Der Tagesspiegel: Gipfel-Gründer Giscard d'Estaing hält die Tagesordnung des G-8-Treffens für zu lang
Berlin (ots)
Der ehemalige französische Staatspräsident Valéry Giscard d'Estaing bezweifelt, dass beim G-8-Gipfel ein vertiefter Meinungsaustausch zwischen den Staats- und Regierungschefs möglich sein wird. Der Mitbegründer der G-8-Treffen sagte dem "Tagessspiegel am Sonntag" mit Blick auf die lange Tagesordnung des Gipfels in Heiligendamm: "Die dort versammelten Staats- und Regierungschefs werden wenig miteinander sprechen können. Das sollten sie aber." Der frühere französische Staatschef kritisierte, dass "die Vorbereitungs-Maschinerie, die zwischen den Gipfeln läuft", seit der Anfangszeit der Treffen "gewaltig angewachsen" sei. Giscard d'Estaing hatte 1975 gemeinsam mit dem damaligen Bundeskanzler Helmut Schmidt zum ersten Weltwirtschaftsgipfel nach Rambouillet bei Paris eingeladen. Die Berichterstattung der Medien über die jährlichen G-8-Gipfel, die auch die Demonstranten anziehe, bezeichnete er als übertrieben.
Von den Gipfelteilnehmern in Heiligendamm forderte Giscard d'Estaing eine eingehende Diskussion über die Globalisierung. "Die Globalisierung ist gegenwärtig die wichtigste Frage", sagte er. Die Kritik der Globalisierungsgegner weise auf ein "offenkundiges Problem" hin, meinte Giscard d'Estaing. Demnach werde die Globalisierung von den Hauptverantwortlichen in den Industriestaaten "zwar im Grundsatz befürwortet - aber sie haben dabei kein Ziel vor Augen".
Angesichts gewaltiger weltweiter Finanztransaktionen oder der örtlichen Verlagerung von Entscheidungszentren in großen Konzernen stellt sich nach den Worten von Giscard d'Estaing die Frage: "Soll man nicht etwas Ordnung in diese Entwicklungen bringen? Oder soll man der Globalisierung ihren freien Lauf lassen - in dem Wissen, dass die öffentliche Meinung dagegen ist?".
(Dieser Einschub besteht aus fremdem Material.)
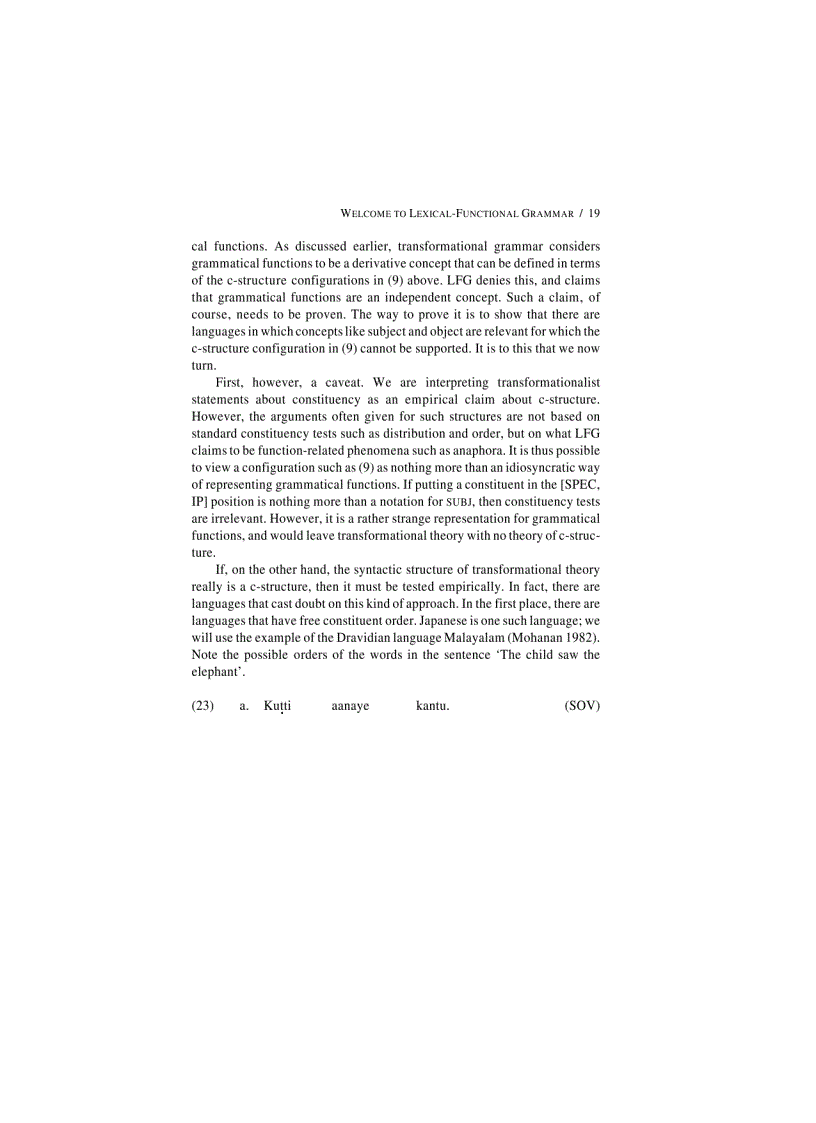 image for page Lexical Functional Grammar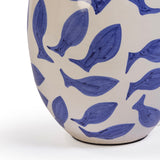 Sardine White & Blue Ceramic Table Lamp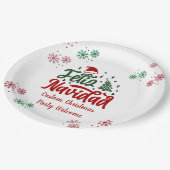 Feliz Navidad Spaanse kerst Papieren Bordje (Gekanteld)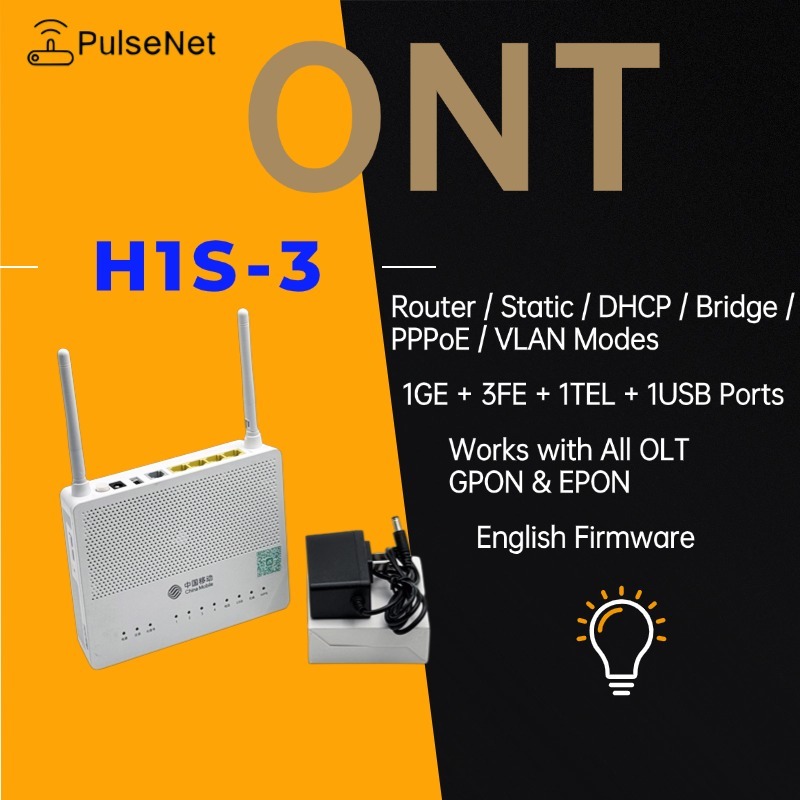 Gbits H1S 3 XPON ONU WiFi Modem EPON GPON ONT 1GE Port English UI Plug ...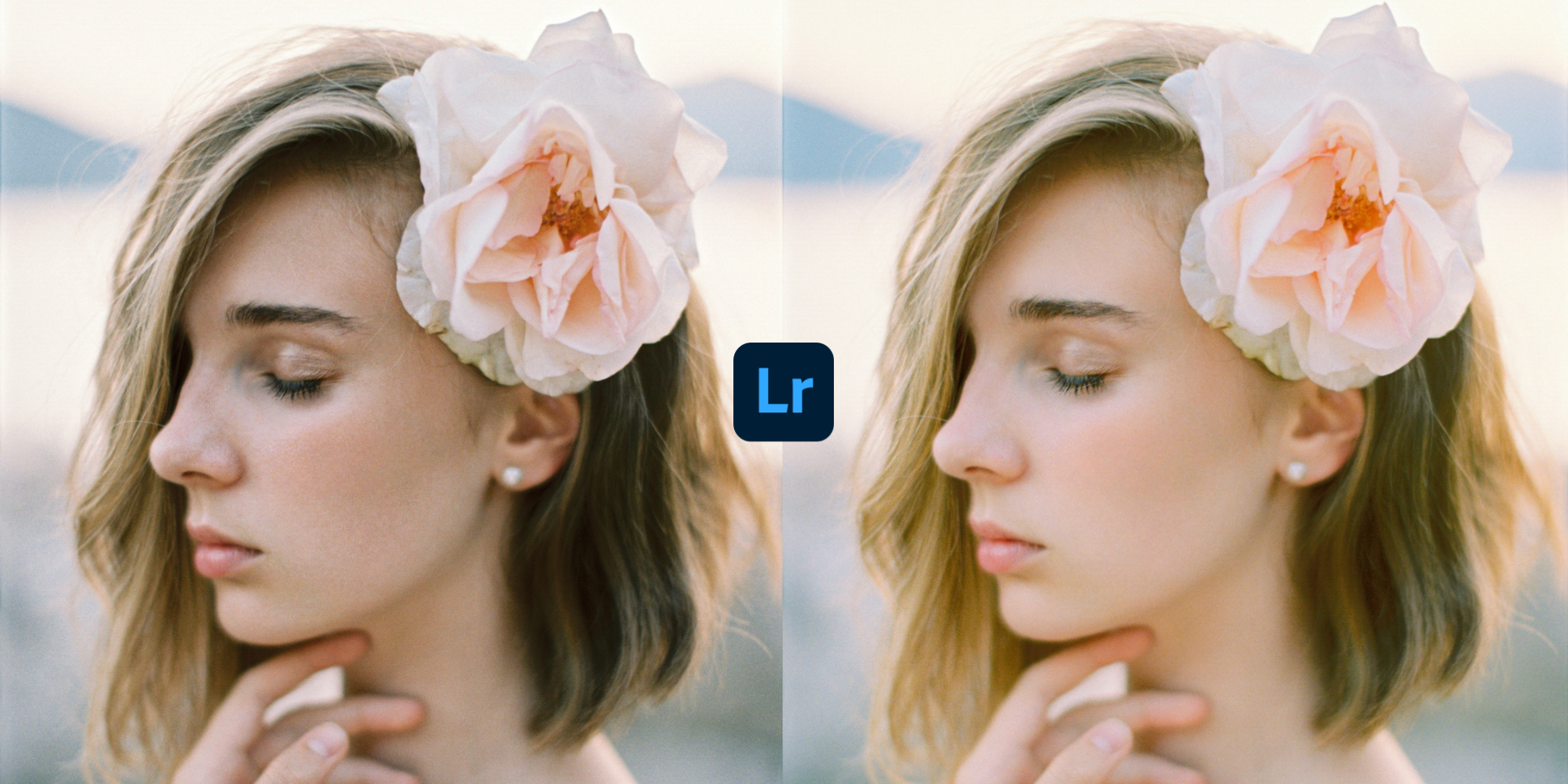 How to make skin glow in Lightroom for mobile and desktop photo editors by Lou & Marks Presets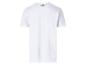 Weißes Kurzarm-T-Shirt mit kleinem schwarzem Logo im Nacken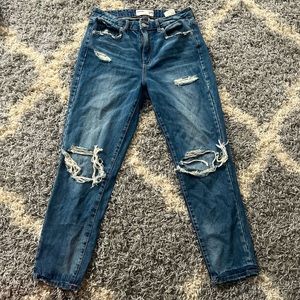COPY - Vintage Distressed mid rise  Garage mom jeans size 9.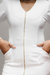 Jaleco Feminino Lara - Branco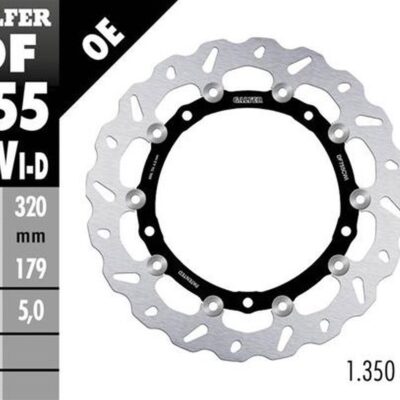 Tarcza Hamulcowa Przód BMW S 1000R/RR/XR '09-'22 (Lewa) (Wave Floating) (320X179X5Mm) | Galfer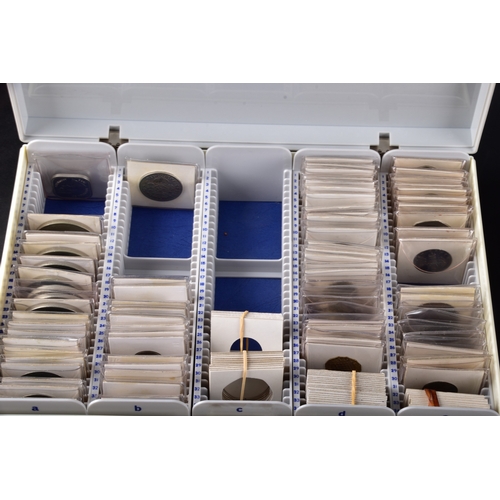 99 - A collection of coins, including four cased United Kingdom silver proof one pound coins, a cased 197... 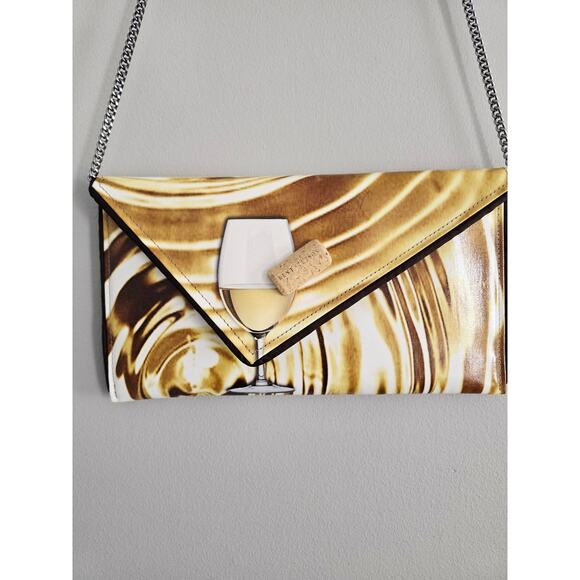 Kent Stetson White Wine Crossbody Envelope Bag - Picture 2 of 5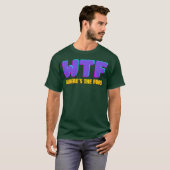 WTF Whereshe Food retro T-shirt (Voorkant volledig)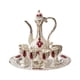 thumbnail image 5 of Juego De Licor Para Vino Dispensador Copa De Vino Bandeja Para Servir Vasos Plateado Rosa Roja, 5 of 5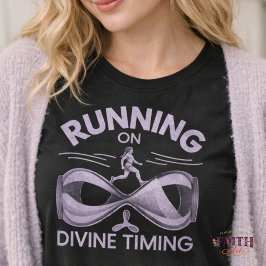 Lopen op de goddelijke timing Christelijk hardloop T-shirt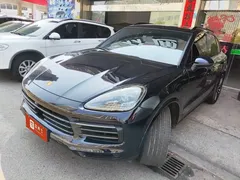 2023 Porsche Cayenne 3.0T, чёрный — фото 1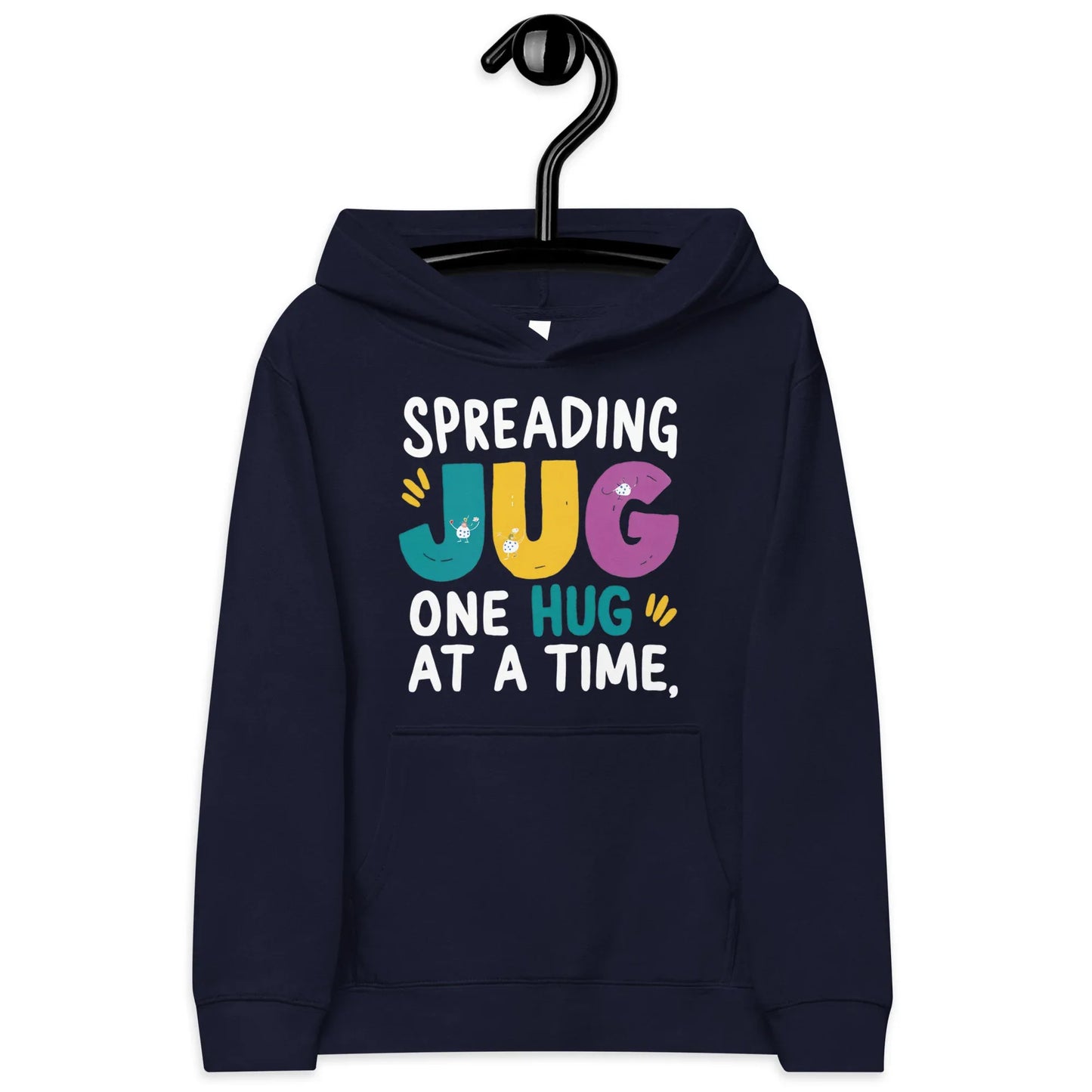 Spreading Joy One Hug At A Time | Kids Fleece Hoodie - AwRans Clothing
Wenn Bundeskanzlerin Angela Merkel den Gipfel von Heiligendamm hauptsächlich dem Klimawandel widme, so sei das Thema "gut gewählt", sagte Giscard d'Estaing. Allerdings müssten die Staats- und Regierungschefs "viel klarer sagen, in welchem Umfang sie künftig auf die Atomenergie zurückgreifen wollen". Als "zentrales Thema" bezeichnete der Ex-Präsident die Frage, ob sich unter den Industriestaaten eine gemeinsame Position zur Atomkraft finden lasse.